The exit came up faster than he anticipated. There was a part of him that was amazed he could still make calculations like how much pressure he had to exert on the brake pedal to slow his vehicle as he glided off the exit ramp. He figured it was just muscle memory.

He wondered if there was a chance, even a slim chance that he’d find help in time for someone to save his life, but as he slowed to turn right off the highway and onto this Carpenter Rd exit, his vision began to shadow, blur, and dim, his eyelids grew heavier with every moment. He knew time was about to run out. He was far away from friends. He had run and now he crawled but never once thought he would die in a place where there was no one he knew to carry him home. That’s where he really wished this road led him, he wished it led him home.

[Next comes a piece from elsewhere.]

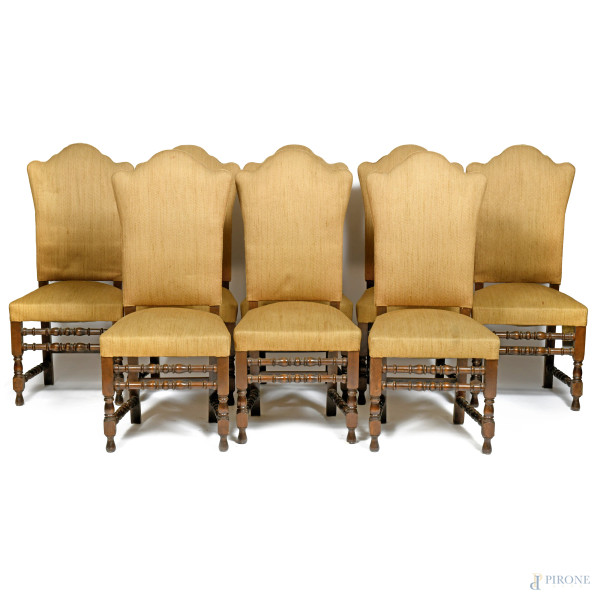 Lotto composto da 8 sedie in noce rivestite in stoffa color ocra, XX secolo, cm 117x50x45(segni di usura, difetti, fori di tarlo)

He once again pushed the accelerator and drove the car forward. He saw two traffic lights both green. He focused on the second, furthest away, deeper into this area of commerce, furthest from the highway. The first light turned red but he sped through without a pause. Thankfully, no other vehicles moved through the intersection. He did not want his last act in life to injure some innocent schlep just trying to make their way home.

The second light came up fast and at the last minute it too turned red. He saw a sign just past the intersection and his eyes locked on it:

CAMPFIRE family restaurant

There were other signs he might have aimed toward. There were signs all around him, but in his haze of blurred, double vision, he locked onto this one. With only minutes, perhaps seconds left he stomped the accelerator.

His car bucked hard as it jumped the curb and rammed into a dirt mound. His forehead hit the horn as the momentum carried him forward. His head spun wildly and he could feel his own heart rate begin to slip away. As he lay slumped forward in his seat, restrained by his safety belt, he thought how strange that he could feel his death approach so tangibly.

If he was going to die anyway why did any of this matter? Why did he still care who got the information, the data? He just held on because some part of him said – he cared, Jerome Kirkwood cared enough to see his part through, his last act. It cost him his life and in the end he prayed that would count for something.